## Homework
The goal of this homework is to train a simple model for predicting the duration of a ride - similar to what we did in this module.

### Q1. Downloading the data
[The data link address of NYC Dataset](https://www1.nyc.gov/site/tlc/about/tlc-trip-record-data.page)

Read the data for January. How many columns are there?

In [1]:
# import libraries
import pandas as pd
import numpy as np
# import visualization library
import matplotlib.pyplot as plt
import seaborn as sns

In [40]:
# This is January data of NYC Dataset
nyc_df_train = pd.read_parquet("../data/yellow_tripdata_2022-01.parquet")

In [41]:
print("Number of columns are: ", nyc_df_train.shape[1])

### Q2. Computing duration
Now let's compute the `duration` variable.
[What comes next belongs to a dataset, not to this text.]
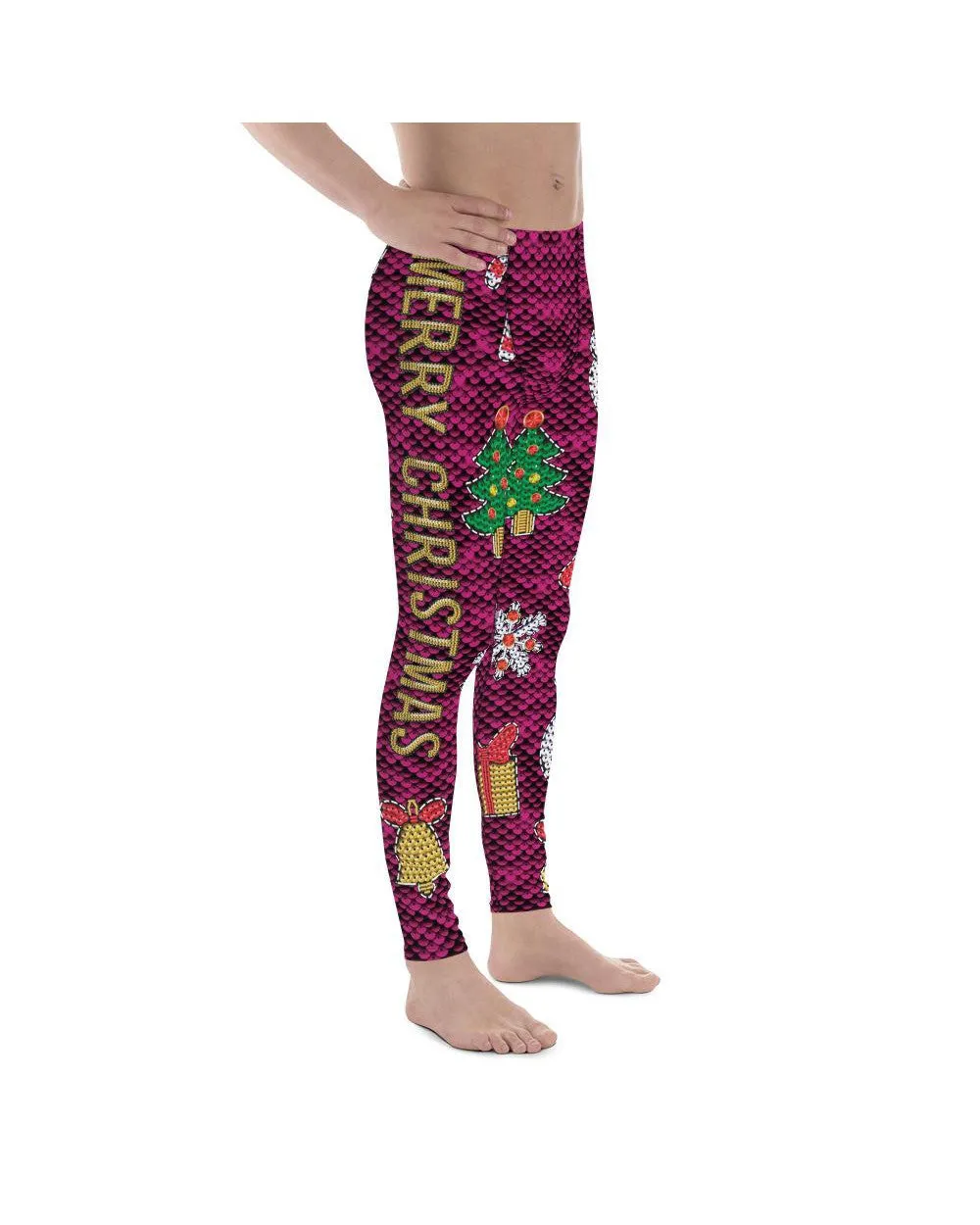 Christmas Paillette Meggings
It should contain the duration of a ride in minutes.
What's the standard deviation of the trips duration in January?

Let's first check the info of the dataframe to see the type of `tpep_dropoff_datetime` and `tpep_pickup_datetime` columns

In [42]:
nyc_df_train.info()

Since we will find the `duration` of the trips in minutes, the date time type is what we are looking for. We don't need to convert it to datetime type.

In [43]:
nyc_df_train["duration"] = nyc_df_train["tpep_dropoff_datetime"]-nyc_df_train["tpep_pickup_datetime"]
nyc_df_train.duration = nyc_df_train.duration.apply(lambda td: td.total_seconds()/60)
nyc_df_train.head()

In [44]:
import math
"""
The calculation of standard deviation is described as;
std = sqrt(mean(x)) ,
where x = abs(a - a.mean())**2 . The average squared deviation is typically calculated as x.sum() / N , where N = len(x)
"""

# according to that calculation description we can define our solution like below
x = abs(nyc_df_train.duration-nyc_df_train.duration.mean())**2
print(math.sqrt(x.sum() / len(x)))

# we can also choose the easy way and use built-in function
print(nyc_df_train.duration.std())

# 46.45 is the right answer for this question

### Q3. Dropping outliers

Next, we need to check the distribution of the `duration` variable. There are some outliers. Let's remove them and keep only the records where the duration was between 1 and 60 minutes (inclusive).

What fraction of the records left after you dropped the outliers?

In [45]:
# The statistics of the duration column is:
nyc_df_train.duration.describe()

In [46]:
# Do we have null values in duration records? No
nyc_df_train.isnull().sum()

In [47]:
# One of the best ways to describe a variable is to report the values that appear in the
# dataset and how many times each value appears. This is called distribution of the variable.
sns.histplot(nyc_df_train.duration)

In [48]:
before_dropping_outliers = nyc_df_train.shape[0]
nyc_dataframe = nyc_df_train[(nyc_df_train.duration >= 1) & (nyc_df_train.duration <= 60)]
after_dropping_outliers = nyc_dataframe.shape[0]

fraction_left = (after_dropping_outliers / before_dropping_outliers)*100

# Let's look at the duration's histplot, after dropping outliers
print(sns.histplot(nyc_dataframe.duration))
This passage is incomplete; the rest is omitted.